彼は美しい妻マリアンと4「歳の娘ルースと共に裕福な邸宅に住んでいる。
廊下には数々の家族写真が並び、幸せそのものに見える。
しかし、トッドとマリアンの関係は修復しがたい所まで来ていた。
マリアンは数年前のある事故により、精神的に深い傷を負い心を閉ざしてしまっているからだ。

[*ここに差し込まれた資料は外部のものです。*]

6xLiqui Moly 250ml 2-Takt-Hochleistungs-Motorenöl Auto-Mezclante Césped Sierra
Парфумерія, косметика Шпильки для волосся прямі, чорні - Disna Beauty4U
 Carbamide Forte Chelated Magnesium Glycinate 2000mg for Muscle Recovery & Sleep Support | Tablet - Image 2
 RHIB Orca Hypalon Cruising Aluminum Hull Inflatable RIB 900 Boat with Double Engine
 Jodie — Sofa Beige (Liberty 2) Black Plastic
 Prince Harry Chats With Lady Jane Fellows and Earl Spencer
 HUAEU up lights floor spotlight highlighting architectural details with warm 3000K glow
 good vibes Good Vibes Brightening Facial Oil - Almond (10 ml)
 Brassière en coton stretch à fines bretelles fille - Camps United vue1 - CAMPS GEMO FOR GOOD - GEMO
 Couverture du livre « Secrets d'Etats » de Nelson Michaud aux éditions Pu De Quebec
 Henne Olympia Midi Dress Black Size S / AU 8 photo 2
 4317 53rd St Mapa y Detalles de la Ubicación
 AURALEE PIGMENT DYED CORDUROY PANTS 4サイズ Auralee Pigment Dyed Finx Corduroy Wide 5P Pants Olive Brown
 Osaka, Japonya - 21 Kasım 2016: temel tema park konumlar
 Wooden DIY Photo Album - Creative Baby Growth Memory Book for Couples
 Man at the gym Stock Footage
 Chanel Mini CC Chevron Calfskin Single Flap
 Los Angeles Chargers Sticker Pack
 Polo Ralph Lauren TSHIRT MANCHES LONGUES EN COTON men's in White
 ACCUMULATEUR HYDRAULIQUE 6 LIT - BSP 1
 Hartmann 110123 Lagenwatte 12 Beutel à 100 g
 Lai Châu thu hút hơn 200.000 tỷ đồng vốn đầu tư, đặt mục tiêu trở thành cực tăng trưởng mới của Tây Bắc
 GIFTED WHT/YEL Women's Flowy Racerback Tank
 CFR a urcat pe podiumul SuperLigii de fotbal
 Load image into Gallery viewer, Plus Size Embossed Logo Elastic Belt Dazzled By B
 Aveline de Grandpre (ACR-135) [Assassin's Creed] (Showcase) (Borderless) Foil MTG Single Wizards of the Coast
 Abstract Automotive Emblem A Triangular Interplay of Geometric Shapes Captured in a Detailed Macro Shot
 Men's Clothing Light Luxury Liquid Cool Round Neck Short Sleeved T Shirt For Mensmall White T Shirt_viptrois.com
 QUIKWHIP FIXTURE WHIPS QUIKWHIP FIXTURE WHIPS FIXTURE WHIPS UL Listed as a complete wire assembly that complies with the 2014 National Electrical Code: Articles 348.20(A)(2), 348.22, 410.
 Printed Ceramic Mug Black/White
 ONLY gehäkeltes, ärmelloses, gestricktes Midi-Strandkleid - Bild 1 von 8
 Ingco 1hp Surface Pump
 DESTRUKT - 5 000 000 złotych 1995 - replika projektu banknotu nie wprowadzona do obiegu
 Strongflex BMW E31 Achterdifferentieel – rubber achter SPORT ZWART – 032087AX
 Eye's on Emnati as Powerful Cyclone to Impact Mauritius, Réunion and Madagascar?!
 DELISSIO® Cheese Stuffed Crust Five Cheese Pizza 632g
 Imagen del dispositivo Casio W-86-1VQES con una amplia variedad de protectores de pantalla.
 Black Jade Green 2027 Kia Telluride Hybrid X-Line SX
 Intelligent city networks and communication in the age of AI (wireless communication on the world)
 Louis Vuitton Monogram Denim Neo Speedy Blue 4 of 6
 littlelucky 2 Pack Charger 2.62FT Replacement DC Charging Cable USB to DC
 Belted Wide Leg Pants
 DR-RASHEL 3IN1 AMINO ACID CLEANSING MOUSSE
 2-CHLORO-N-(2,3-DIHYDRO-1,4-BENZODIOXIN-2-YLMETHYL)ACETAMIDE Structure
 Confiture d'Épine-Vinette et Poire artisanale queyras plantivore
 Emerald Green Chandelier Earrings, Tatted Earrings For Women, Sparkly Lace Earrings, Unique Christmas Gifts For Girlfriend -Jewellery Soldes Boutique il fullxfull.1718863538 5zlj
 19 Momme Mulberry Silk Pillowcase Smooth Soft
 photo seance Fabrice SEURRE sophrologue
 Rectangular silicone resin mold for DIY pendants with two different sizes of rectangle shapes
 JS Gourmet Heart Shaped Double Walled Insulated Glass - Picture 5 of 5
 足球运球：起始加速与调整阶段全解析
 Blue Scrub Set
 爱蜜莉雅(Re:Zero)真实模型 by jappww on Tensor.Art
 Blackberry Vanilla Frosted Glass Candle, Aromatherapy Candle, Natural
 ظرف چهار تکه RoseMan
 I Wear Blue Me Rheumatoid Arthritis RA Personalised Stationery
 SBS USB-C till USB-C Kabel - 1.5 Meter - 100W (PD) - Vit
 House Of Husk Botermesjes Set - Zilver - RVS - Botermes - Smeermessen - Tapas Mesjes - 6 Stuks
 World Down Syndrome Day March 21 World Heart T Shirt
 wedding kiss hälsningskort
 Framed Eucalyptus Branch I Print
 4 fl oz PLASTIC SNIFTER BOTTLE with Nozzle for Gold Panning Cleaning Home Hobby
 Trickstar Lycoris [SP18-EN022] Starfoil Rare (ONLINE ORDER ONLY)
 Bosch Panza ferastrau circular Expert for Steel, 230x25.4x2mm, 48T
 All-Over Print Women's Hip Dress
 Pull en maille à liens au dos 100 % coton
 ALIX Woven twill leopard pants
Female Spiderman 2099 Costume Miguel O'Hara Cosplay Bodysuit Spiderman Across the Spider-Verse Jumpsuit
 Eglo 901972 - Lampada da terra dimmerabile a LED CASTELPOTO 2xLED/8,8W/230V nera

そんな時、作家志望の高校生、エディがトッドの助手として一夏を過ごす事となる。
彼はいつしか物憂げで美しいマリアンに恋焦がれていく。
そしてマリアンも彼を受け入れる。情事を重ねていく二人。
自らも浮気相手との情事を重ね、妻と弟子との関係を黙認するトッド。
マリアンは少しずつ明るさを取り戻していたかの様に思われた。
しかしエディが事件について尋ねた時、マリアンは石の様に無反応になってしまった。
そして……
美しき妻、マリアンを演じるのは「L.A. コンフィデンシャル」でアカデミー賞を
受賞したキム・ベイシンガー。
トッドには4度のアカデミー賞ノミネートを誇る名優、ジェフ・ブリッジス。
ポニーキャニオンL.A.コンフィデンシャル
「喪失感」……
マリアンに一番感じたのはこの感覚だった。
いや、マリアンだけではなく、トッドを含めこの一家全てにだ。
決して取り戻す事が出来ないもの。何故、あの時……
心の喪失感はいくら若い男から求められようとも、愛人を作ってみようとも
埋められる物ではない。
一時的には埋められるだろう。
しかしその行為はいずれ、自分を余計に追いつめ、床の上のドアを開ける決意へと
繋がってしまうのか……
とても奥深い感情が根底に流れ、やはり「小説」が原作だなあと思わせる。
この感情を映像に映し出す事は確かに困難だっただろう。
そう考えると見事なキャスティングだったのではないか。
キム・ベイシンガーじゃなかったら、こんなに入れなかった。
女として美しく、喪失感がよく似合う。
確かに難しい作品だと思う。
人間の複雑さや自分勝手さを観せられる。
結局それでいいのか?と問題提起で終わられている気もする。
わかるようでわからない。
でもそこを見事に表現している映画なんだと思う。多分?
とても「大人な」映画である。
最近、大人のいい映画が少なくなったので
たまには「わかる様なわからない様な」そんな雰囲気のある
大人の映画を楽しむのもいいんじゃないかな。